Second Life – A Loser’s Last Frontier
I just downloaded ‘Second Life’.
I heard about it quite accidentally when I was sent on yet another education course for my birthday present. This time, I can only thank my brother. I unwittingly asked for it during a long phone conversation whereby I had expressed an interest in learning about business.
The word ‘boring’ is tossed around very loosely these days and so it should; a lot of things are boring. This course, however, was not boring. It was painful. As soon as I had realised exactly what I had gotten myself into (a day of tax law). My mind began racing through emergency procedures I had learnt at school and on television. I knew in the case of fire, I have to get down low and go go go. In the case of a crash landing, implement the brace position… But what does one do when threatened with impending painful comatose.
Luckily, I had taught myself a trick during a particularly boring high school history lesson. Newbies in cases like this, drop like flies and you can see heads crashing into desks faster than rain pelting into tin roofs. The obvious disadvantage to this survival mechanism, is it is too obvious to the teacher and the victim will inevitably be woken up to endure more pain and possibly a detention. The less fortunate who are not discovered by the teacher’s supervision, slip into a coma and usually die. I, however, knew exactly what to do.
I practice what the Hindu’s call ‘meditation’. For centuries the Indians have been practicing this spiritual technique to deal with the boringness of everyday life. They believe it takes you to a better place and they couldn’t be more correct. So, as I sat there, my mind transcended my body and went home to my warm bed where I could go to sleep. The only problem, however, was on the way back to class, my mind missed the train and I was a zombie for half an hour during the lunch break.

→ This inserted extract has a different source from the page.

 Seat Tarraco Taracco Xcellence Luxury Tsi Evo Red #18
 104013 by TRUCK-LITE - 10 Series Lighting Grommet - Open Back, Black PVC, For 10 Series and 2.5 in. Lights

It didn’t really matter, because like the day at the Grace, the lunch time conversation was much the same. The only difference being, the topic of discussion was about the virtual reality web-site/program called ‘Second Life’. The girls had a strong opinion, all arguing that people who engage in too much time on the computer are wasting their time and must be losers. I looked around the table of nodding heads and saw that no one was going to fight for the little-guy, so I laced up my boots and jumped in.
For those who don’t know, it’s a program where you can meet people, play games, chat, and even buy and sell both virtual and real items. I argued many of the obvious strong points and some not so obvious which had them questioning if I was a subscriber to the program. I was not, but it was something that sounded interesting and at least worth a look. That comment alone got me tagged as a ‘weirdo’ and I was avoided like the plague. Not to worry, there’s the ‘how to not fuck up a conversation in 3 sentences’ course next week.

March 22nd, 2008 at 12:46 pm
Where are you doing these courses at?
March 24th, 2008 at 6:35 pm
These courses are run by Sydney university and are at various locations around the city.